• _Your goal_: Exclude the pictures. Transcribe exactly, and only, the lines from the one holding "Hotel Atithi International" to the end of the material below.

• _Data listing_:

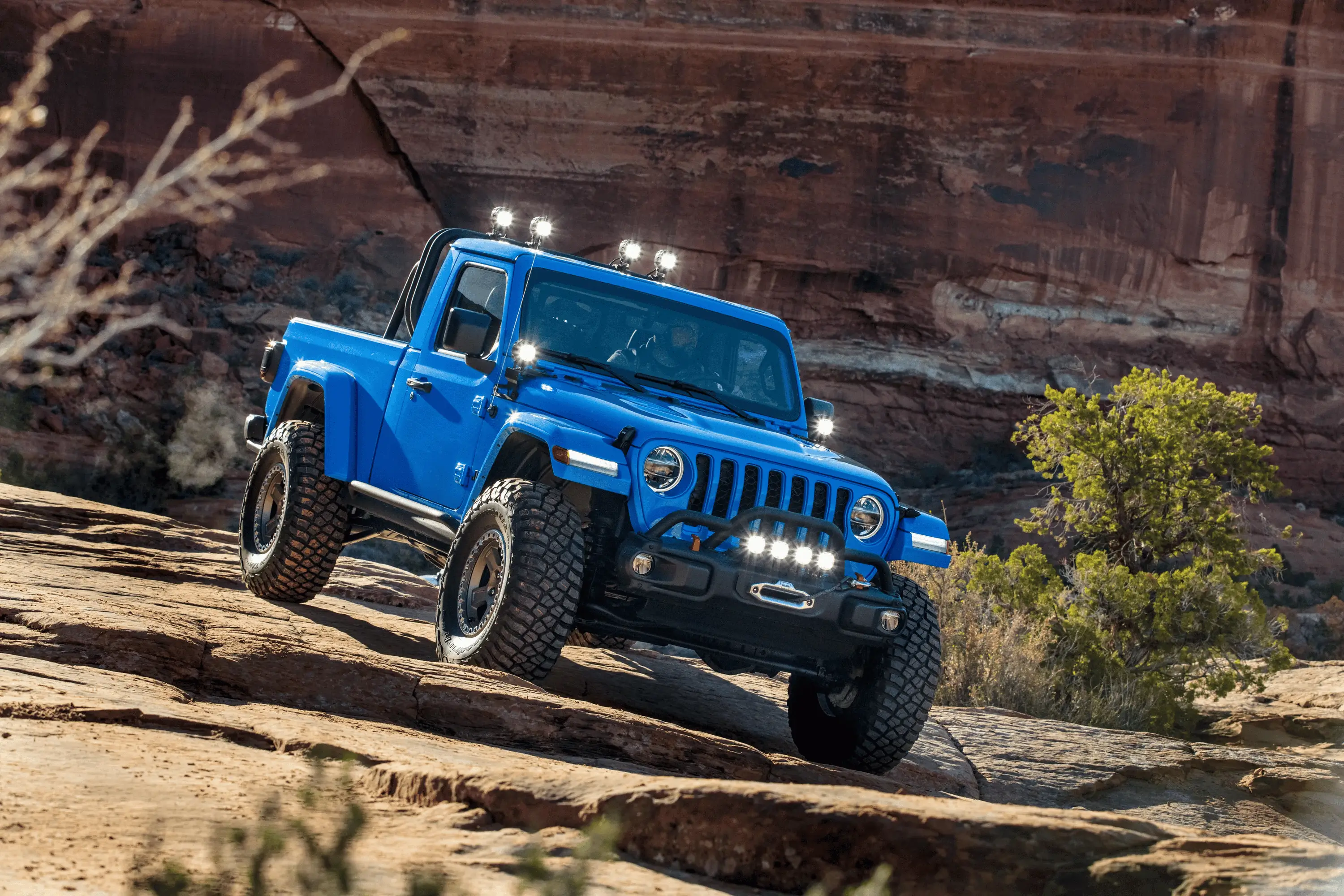 Jeep Wrangler JL Think we'll ever see a 2dr Gladiator?? 1679853010521-png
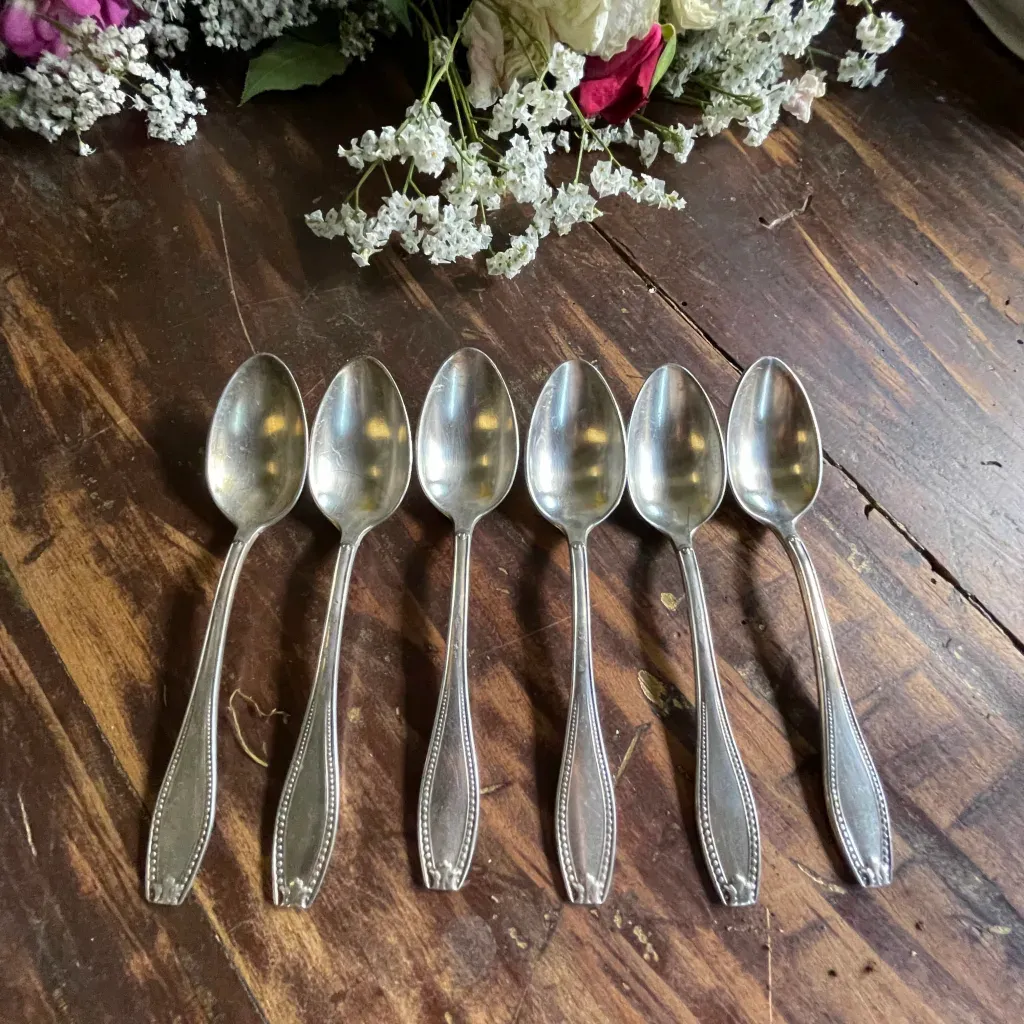 Set of 6 Silver Teaspoons – Beaded and Fleur-de-Lys Pattern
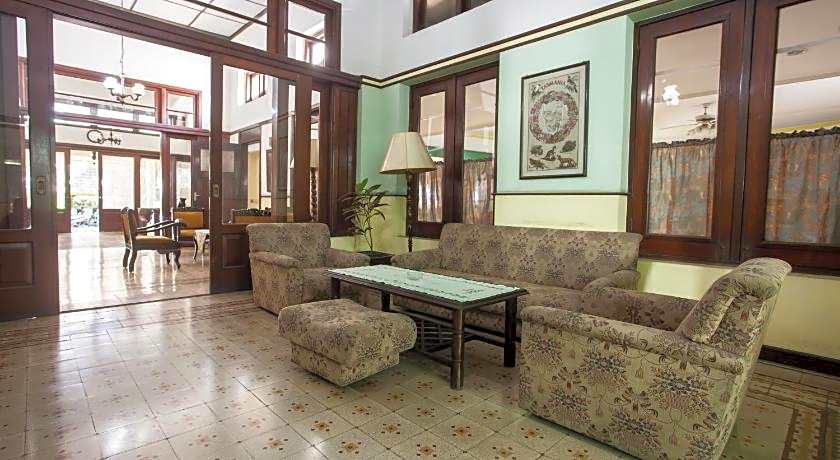 RedDoorz near Balai Kota Malang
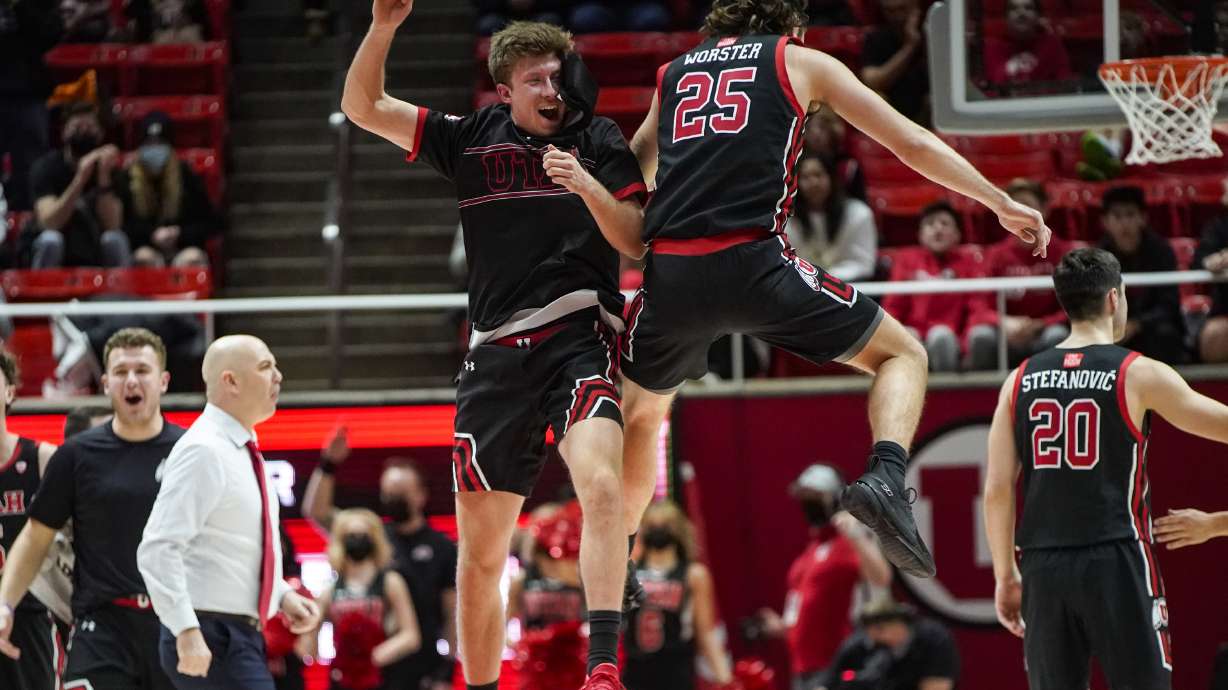 Utah Utes guard Rollie Worster (25) celebrates with teammates after his 3-pointer at the Huntsman Center in Salt Lake City on Thursday, Feb. 3, 2022.
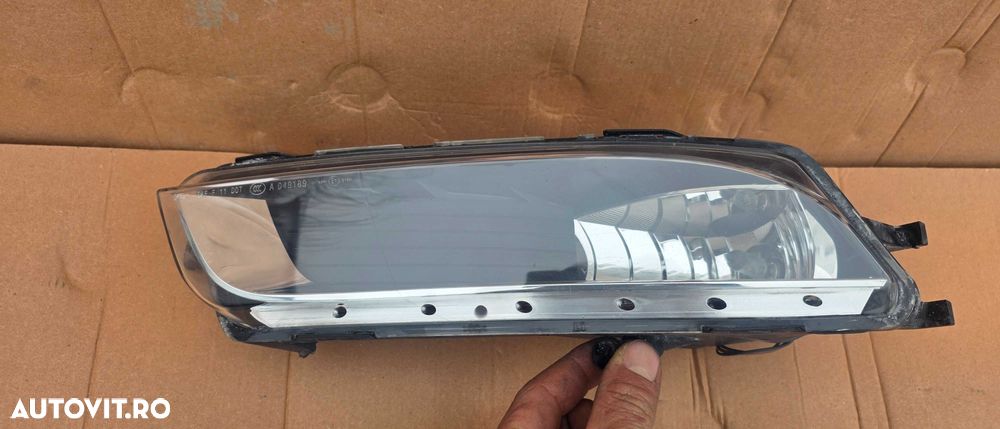 Proiector ceata stanga Vw Passat CC Facelift 2013 2014 / 2015 2016 - 1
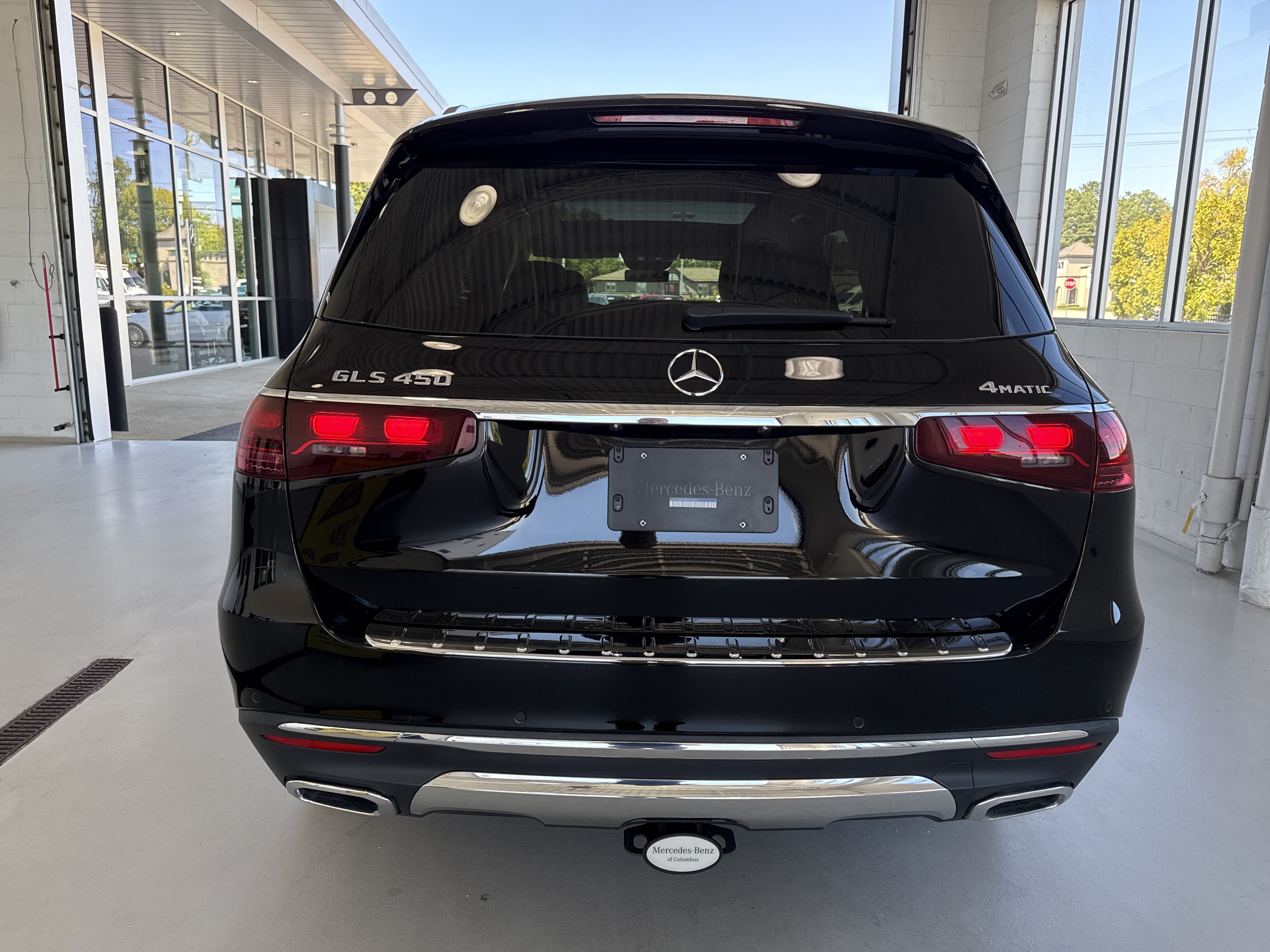 Certified 2024 Mercedes-Benz GLS 450 4MATIC image 9
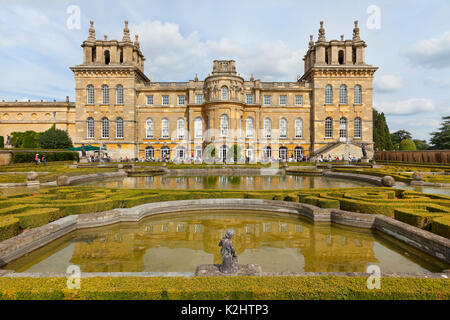 Blenheim Palace, Woodstock. UK, Blick vom Wasser Terrassen N.E. in Richtung West Wing. Stockfoto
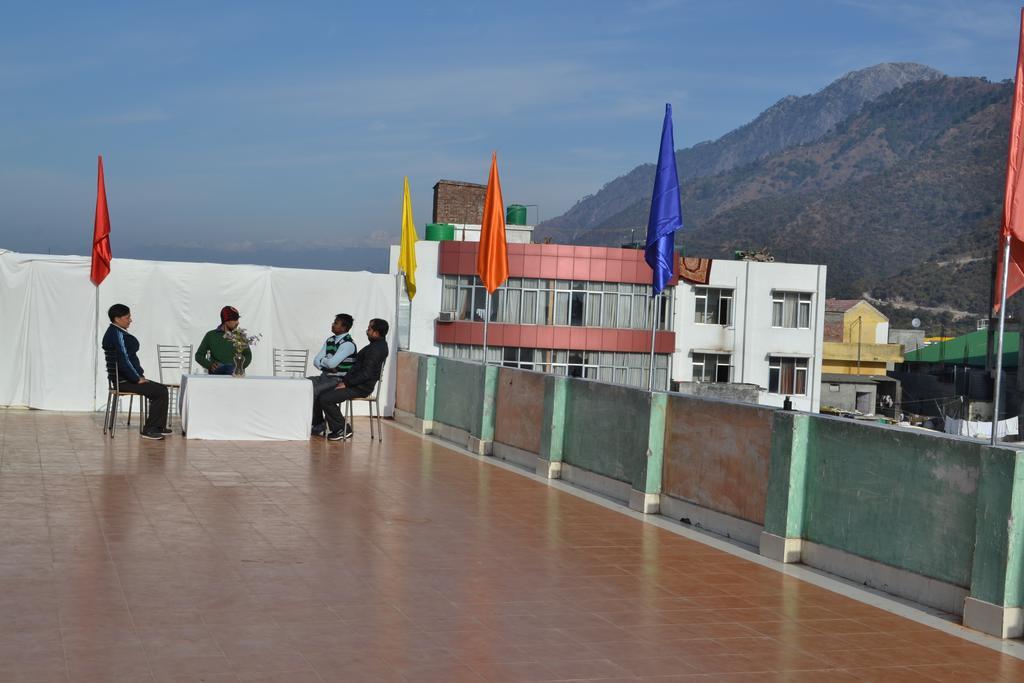 Hotel Atithi International Katra (Jammu and Kashmir) Quarto foto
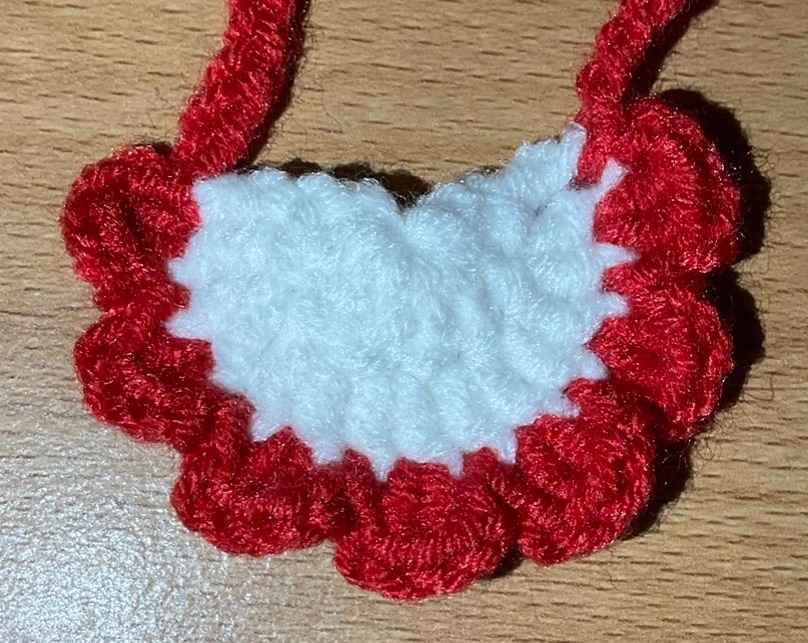 OTO手作坊🐰珊瑚紅-白邊口水巾、圍兜兜（10~15cm娃）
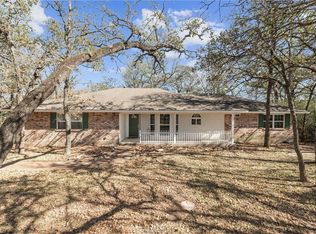 1733 Arrington Rd, College Station, TX 77845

• _Solved exercise_:
 Hotel Atithi International Katra (Jammu and Kashmir) Quarto foto
 OTO手作坊🐰珊瑚紅-白邊口水巾、圍兜兜（10~15cm娃）
 1733 Arrington Rd, College Station, TX 77845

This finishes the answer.